Кеше прокурор приказал, зализывая ноготь:
– Ты, пафкудник, барф под фтол, и фтоб тебя
тове быво не флыфно!
Молодой человек немедленно передислоцировался
на указанную позицию, причем выполнил этот маневр на четвереньках.
Теперь можно было заняться и главным объектом.
Объект всё еще не вышел из остолбенелости –
так и стоял на месте с надкушенным персиком в руке.
– Ас баби, бафе фияфельство, бы пофолкуем, –
сказал Матвей Бенцконович, не вынимая пальца изо рта, к улыбнулся так, как
никогда еще в жизни не улыбался.
Со статским советником творилось что-то
малопонятное, но при этом восхитительное. Всю жизнь Бердичевский считал себя
трусом. Иногда ему доводилось совершать смелые поступки (прокурору без этого
нельзя), но всякий раз это требовало напряжения всех душевных сил и потом
отдавалось сердечной слабостью и нервной дрожью. Сейчас же никакого напряжения
Матвей Венционович не испытывал – размахивал револьвером и чувствовал себя
просто великолепно.
Бывало в детстве, шмыгая разбитым в кровь
носом, он, сапожников сын и единственный жиденок во всей мастеровой слободке,
воображал, как убежит из города, поступит на военную службу и вернется назад
офицером, при эполетах и сабле. То-то расквитается и с Васькой Прачкиным, и с
подлым Чухой. Будут ползать, умолять: «Мордка, миленький, не убивай». Он
взмахнет саблей, скажет: я вам не Мордка, я поручик Мордехай Бердичевский! А
потом, так и быть, простит.
Почти что в точности всё и сбылось, только за
минувшие с тех пор тридцать лет Матвей Бенционович, видно, ожесточился сердцем
– прощать графа Чарнокуцкого ему не хотелось, а хотелось убить эту гнусную
тварь прямо здесь и сейчас, причем желательно не наповал, а чтобы покорчился.
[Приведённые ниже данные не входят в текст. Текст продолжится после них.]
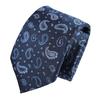 [Michiko London] Brand Necktie, Silk Cotton, Paisley Pattern, Navy, MKIC-016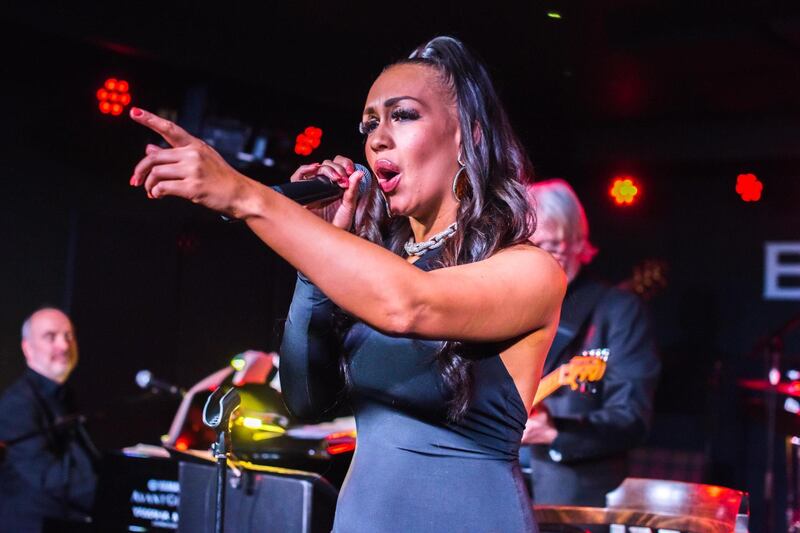 LONDON, ENGLAND - JANUARY 07:  Rebecca Ferguson performs live at Boisdale of Canary Wharf on January 7, 2019 in London, England.  (Photo by Robin Little/Redferns/Getty Images)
Должно быть, это желание слишком явно читалось
в глазах осатаневшего прокурора, потому что его сиятельство вдруг выронил
персик и схватился за край стола, словно ему стало трудно удерживаться на
ногах.
– Если вы меня застрелите, вам живым из замка
не выйти, – быстро сказал магнат.
Бердичевский взглянул на мокрый палец,
поморщился:
– Я и не собираюсь никуда идти, на ночь глядя.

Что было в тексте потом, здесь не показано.